Posisi kami kejauhan di Barak Kalsel Atas. Tentu butuh strategi & trik khusus agar gak telat dibanding barak dekat Parade. Sayapun ambil jalan pintas bersama tiga Madya dibelakang. Ketika menanjak melewati tikungan Menza awalnya terasa lengang dan mulus.
Tapi perasaan itu tak berlangsung lama. Rupanya, dibalik pot bunga besar dan hampir kering itu, muncul wajah Wakano. Kami yang tadinya lari tanpa beban kaget luar biasa. Rasanya jumpa hantu hitam di siang bolong. Saya berusaha cikar kiri tapi terlambat. Kecepatan lari waktu itu mencapai 80km/jam. Mengerem dan putar balik sama saja bunuh diri. Itu melawan hukum gravitasi, bisa ringsek.
Melompat ke kiri bisa fatal, sama saja buang diri, tinggi. Banting kanan bisa tabrak tembok China, apalagi tinggi saya masuk Anggota Kavaleri, 160 centi. Satu-satunya cara maju terus pantang mundur. Wakano tau betul bahwa kami akan terperangkap disitu seperti tikus rumahan.

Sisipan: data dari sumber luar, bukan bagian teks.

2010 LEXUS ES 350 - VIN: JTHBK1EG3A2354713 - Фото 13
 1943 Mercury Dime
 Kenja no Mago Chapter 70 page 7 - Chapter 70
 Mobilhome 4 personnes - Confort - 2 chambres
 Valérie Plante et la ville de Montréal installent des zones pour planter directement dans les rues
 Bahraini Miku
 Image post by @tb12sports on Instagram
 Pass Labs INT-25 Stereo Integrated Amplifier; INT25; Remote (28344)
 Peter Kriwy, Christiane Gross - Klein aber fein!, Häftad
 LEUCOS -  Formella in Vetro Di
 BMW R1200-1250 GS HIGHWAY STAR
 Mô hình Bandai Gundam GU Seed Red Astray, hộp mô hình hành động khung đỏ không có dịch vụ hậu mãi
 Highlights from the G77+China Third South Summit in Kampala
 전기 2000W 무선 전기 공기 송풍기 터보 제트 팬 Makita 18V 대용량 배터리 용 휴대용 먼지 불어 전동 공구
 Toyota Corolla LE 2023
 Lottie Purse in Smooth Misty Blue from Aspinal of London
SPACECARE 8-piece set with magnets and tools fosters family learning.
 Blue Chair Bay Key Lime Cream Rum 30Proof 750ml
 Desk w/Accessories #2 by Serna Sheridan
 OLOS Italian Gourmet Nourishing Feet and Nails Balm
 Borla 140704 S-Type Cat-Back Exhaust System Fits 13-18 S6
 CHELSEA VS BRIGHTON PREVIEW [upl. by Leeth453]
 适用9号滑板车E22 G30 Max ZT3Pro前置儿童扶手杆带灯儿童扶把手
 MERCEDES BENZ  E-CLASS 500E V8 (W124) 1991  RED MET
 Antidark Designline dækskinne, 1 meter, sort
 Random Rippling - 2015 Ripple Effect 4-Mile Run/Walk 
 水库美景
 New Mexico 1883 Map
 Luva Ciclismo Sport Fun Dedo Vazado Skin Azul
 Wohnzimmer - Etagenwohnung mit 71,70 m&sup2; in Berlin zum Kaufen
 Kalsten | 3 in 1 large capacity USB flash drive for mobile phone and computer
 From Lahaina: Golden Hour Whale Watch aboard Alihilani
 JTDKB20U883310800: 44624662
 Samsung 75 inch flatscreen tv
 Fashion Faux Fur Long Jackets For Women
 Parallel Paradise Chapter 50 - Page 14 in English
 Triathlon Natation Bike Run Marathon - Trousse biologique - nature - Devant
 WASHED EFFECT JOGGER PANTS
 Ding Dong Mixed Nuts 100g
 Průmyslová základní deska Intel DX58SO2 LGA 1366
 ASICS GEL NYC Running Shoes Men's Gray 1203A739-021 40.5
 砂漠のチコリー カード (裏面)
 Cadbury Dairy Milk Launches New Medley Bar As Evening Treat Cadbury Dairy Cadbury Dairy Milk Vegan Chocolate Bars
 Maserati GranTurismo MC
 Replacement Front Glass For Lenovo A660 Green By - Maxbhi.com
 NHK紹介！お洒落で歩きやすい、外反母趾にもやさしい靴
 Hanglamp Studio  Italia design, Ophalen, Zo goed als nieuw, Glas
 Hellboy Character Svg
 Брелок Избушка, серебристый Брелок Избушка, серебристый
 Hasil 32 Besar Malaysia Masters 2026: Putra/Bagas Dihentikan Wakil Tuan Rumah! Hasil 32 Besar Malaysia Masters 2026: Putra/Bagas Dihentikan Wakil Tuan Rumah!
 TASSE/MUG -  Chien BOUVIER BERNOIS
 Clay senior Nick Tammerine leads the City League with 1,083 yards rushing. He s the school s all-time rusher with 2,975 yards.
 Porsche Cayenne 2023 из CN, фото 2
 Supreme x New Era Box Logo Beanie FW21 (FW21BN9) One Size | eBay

Wakano merasa dapat daging segar. Dia sikat satu-persatu persis ikan Salmon masuk ke mulut Beruang Kutub.
Wakano kunyah Madya di tempat. Tak ada yang tersisa. Dia sikat dan sentuh berkali-kali. Terakhir tendangan kasih sayang. Dengan puas Ia berkata lirih, "sapa suru lewat sini hah?" Su tau ada jalan raya kalian enak lewat sini, hah? Rupanya masih ada yang ikut kami di belakang.
Wakano bernafsu menghabisi Madya yang lewat di tikungan itu. Karena banyak, dia tinggalkan kami begitu saja persis wanita yang habis di perkosa. Dia loncat cari mangsa lain. Kami langsung berdiri dengan sisa-sisa nafas yang tak beraturan, lari secepat mungkin dan tak menoleh kebelakang.
Kami meluncur deras ke parade. Sepintas terdengar gemuruh Madya bertumbangan. Pikir saya mungkin Kaka Wakano dapat Salmon agak besar. Setiba di Parade kami atur nafas, perbaiki kancing yang miring sambil menengok ke tangga Menza. Rasanya Wakano pukul kitonk persis Jacky Chan di film jurus mabok. Hancur.
Di tahun dua ribuan saya kebetulan di undang mengajar diklatpim empat di Tual. Saya tak sengaja bertemu beliau sebagai operator kegiatan diklat dan prajabatan. Saya iba, saya minta adik kabag agar ikutkan beliau diklatpim tahun berikutnya. Dan, betul, diklat selanjutnya beliau jadi ketua kelas, laporan dan PPM ke saya sebelum sesi ajar dimulai. Sa ampir ketawa inga Wakano punk kalakuan. Semua jadi indah rupanya.